I ran the command locale - a which lists the locales known to that command.

I didn’t find “en-GR” in this list, which is the current locale on my Mac. This is (most likely) the reason why the output of the command is incorrect on my Mac, whether I use do shell script or Terminal.

@alastor933, your locale “nl_NL” is present in list of locales known to command locale. This should be the reason command locale works properly for you, but doesn’t work properly for me.

While it doesn’t change anything, I think that it might be alastor933 who is in the NL region. I am set to en-CA.

[format]LC_NUMERIC=“en_CA.UTF-8”[/format]

I think you are right. Looking at the available locales, I guess it would only work for you if you were set to el_GR. Not sure that there are any obvious ways around this.

alastor933’s script in post #5 works for me, and produces the results KniazidisR wants, if I hard-code localID as “el_GR” or one of its variants. Unlike KniazidisR’s script in post #3, it doesn’t contain the word “export” and — perhaps more importantly — doesn’t have a semicolon between the “LANG” environment setting and the “locale” command.

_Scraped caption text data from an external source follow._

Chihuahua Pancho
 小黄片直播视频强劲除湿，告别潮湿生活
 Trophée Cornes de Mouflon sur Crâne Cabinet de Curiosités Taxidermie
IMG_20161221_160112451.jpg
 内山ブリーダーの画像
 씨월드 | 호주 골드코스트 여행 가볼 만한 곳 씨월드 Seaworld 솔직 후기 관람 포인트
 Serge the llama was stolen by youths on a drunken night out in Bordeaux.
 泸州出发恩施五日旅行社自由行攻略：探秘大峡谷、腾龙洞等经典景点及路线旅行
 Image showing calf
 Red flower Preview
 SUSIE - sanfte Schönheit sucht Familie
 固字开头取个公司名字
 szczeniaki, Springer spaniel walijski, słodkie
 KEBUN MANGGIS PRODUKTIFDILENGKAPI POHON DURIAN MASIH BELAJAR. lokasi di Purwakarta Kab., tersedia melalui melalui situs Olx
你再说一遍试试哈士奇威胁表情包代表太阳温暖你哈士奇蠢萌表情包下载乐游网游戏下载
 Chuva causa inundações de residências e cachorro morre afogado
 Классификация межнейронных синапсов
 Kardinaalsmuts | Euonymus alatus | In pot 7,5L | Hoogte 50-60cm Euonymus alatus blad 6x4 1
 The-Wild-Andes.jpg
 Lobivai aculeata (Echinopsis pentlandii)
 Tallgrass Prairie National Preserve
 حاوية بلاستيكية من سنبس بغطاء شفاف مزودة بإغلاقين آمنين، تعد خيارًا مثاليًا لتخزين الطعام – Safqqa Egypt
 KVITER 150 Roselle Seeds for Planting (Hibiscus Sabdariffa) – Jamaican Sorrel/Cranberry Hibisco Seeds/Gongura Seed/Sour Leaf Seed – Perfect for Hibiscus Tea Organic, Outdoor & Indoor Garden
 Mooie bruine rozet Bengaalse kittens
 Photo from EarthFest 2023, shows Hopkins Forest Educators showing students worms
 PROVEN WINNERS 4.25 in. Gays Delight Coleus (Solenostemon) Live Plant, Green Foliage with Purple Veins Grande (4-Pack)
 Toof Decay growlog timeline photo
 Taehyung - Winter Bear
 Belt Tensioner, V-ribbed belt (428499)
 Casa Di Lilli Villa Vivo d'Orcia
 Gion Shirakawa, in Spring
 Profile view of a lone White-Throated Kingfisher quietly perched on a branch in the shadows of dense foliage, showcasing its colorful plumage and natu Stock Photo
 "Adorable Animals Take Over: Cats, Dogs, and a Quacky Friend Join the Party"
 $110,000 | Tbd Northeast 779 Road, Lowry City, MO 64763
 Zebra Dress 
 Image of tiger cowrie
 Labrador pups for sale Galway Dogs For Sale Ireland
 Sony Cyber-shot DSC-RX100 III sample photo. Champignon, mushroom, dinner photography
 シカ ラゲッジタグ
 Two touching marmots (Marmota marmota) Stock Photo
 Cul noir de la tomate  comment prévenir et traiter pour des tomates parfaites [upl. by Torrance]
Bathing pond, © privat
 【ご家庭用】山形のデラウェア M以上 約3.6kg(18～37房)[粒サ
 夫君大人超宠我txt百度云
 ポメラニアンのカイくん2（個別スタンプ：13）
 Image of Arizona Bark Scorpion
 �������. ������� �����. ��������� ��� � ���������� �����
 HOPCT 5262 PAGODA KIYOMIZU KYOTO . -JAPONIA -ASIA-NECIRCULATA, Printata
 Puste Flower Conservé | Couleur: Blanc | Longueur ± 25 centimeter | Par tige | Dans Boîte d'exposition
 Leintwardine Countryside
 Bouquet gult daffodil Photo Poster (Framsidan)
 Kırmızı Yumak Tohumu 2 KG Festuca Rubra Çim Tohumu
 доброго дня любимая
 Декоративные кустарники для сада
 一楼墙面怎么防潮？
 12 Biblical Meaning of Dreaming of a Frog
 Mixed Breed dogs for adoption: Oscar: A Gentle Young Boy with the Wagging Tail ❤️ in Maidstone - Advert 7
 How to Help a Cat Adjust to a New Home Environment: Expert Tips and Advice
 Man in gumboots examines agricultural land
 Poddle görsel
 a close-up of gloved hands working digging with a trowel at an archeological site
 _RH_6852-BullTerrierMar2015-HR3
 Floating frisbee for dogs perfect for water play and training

Yes. My form runs the command with that LANG setting.
Kniazidis’s version sets an ENV variable, and then runs a 2nd command that’s supposed to look at those settings. It seems the variable is not set in the shell that the 2nd command is running in.
Maybe any shell command will run in the default shell, unless explicitly told otherwise (i.e. by setting LANG as shown above).

Side note: in a previous discussion on this subject, Shane noted that the higher layers of the OS may know locales that the UNIX foundation does not have.

The whole point is to automatically determine the identifier of the current locale and then automatically determine the current setting for the decimal separator.

So the need to hard-code the locale to something “like this” makes me completely abandon the use of the shell’s locale command.

I will remove from my posts the confusion I expressed that this outdated command created for me.